OTV Issue

JACQUES DU PLESSIS · ‎01-22-2014

Hi Guys,

We have an existing OTV implementation which extends some VLANs between our Prod and DR sites. We recently lost some disk, and we had to bring up the machines at the DR site. Since then we have seen some strange issues where, for example, machines can ping each-other, but they cannot RDP to each other (it only is a problem for machines talking over the Tunnel, not if they are both at the same site, and only when they are in different VLANs). When I give one machine an interface on the VLAN of the other device, they can communicate fine, so the extending of the VLANs are fine. Both sites have HSRP configured with the same virtual address, but HSRP isolation is set up.

So all I can think of is that a machine at site A uses site A gateway, it ends up at site B, the destination responds, but use Site B's gateway to reach the source. And during this process something breaks. Is this how it is supposed to work though?

Jacques

Amit Singh · ‎01-22-2014

I will be curious to know if this was working fine previously before the disk swap? Was the same setup running without any changes?

I see what's happening now, your inter-vlan traffic is being routed by local gateway at each site and tries to follow the WAN route from where it has learnt the IP route from?

How does the routing table looks like at each site? Routes for the IP subnets learned from where?How does the traceroute looks like when you try to trace a specific machine IP?

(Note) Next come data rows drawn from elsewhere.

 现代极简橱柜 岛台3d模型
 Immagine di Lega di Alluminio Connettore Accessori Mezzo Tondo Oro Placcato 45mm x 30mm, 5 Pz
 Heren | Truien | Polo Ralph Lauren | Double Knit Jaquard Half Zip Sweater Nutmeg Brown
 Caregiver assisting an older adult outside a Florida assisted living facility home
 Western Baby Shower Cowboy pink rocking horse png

JACQUES DU PLESSIS · ‎01-22-2014

Hi, it is difficult to say if it was working, this is the first time we had to do it. The current configuration has been in place since the beginning.

If host A at site A in VLAN A tries to speak to host B in site B in VLAN B, and both VLANs are extended, the trace is simply gateway, and then destination, because the gateway has a interface in the destination VLAN, i.e. there is only one hop between them logically, but physically 4 or 5 routers.

Both sites are advertising their connected subnets with OSPF, but the DR site has a higher cost.

Jacques

Aries Fernandes · ‎03-24-2014

this could be an issue with the ARP timeout values. What I would recommend doing is that you clear the ARP entries on all your boxes and then check if this works. A case similar to this was seen when VM1 and VM2 belonging to VLAN 11 and VLAN 12 were pinging one another and working fine. However, after 30 minutes the pings started to fail. Reason: ARP caching in the L3 gateways result in OTV MAC addresses aging out at 30 minutes ad then dropping the packets. Hope you have understood the problem. Change the arp timeout value to something less than 1800 seconds [ip arp timeout <value>] -- under the interface configuration.

Jami Bailey · ‎01-22-2014

Jacques,

It's a shot in the dark, but can you verify the MTU end to end? OTV marks each packet that egresses the Join interface with the DF bit which will be dropped should it need to be fragmented. I'm curious if there is a consistent MTU both inside the datacenter and accross the overlay. This could potentially produce similar results to what you are seeing.

JACQUES DU PLESSIS · ‎01-22-2014

Hi, thank you for your suggestion. I am leaning toward a similiar thing, but the join interfaces, and the routed interfaces are all on mtu 1560, which should cater for it. The bottom line is that VLAN A talks to vlan A fine, which would mean the extened vlans are fine, but VLAN B talking to VLAN A is not.

Jacques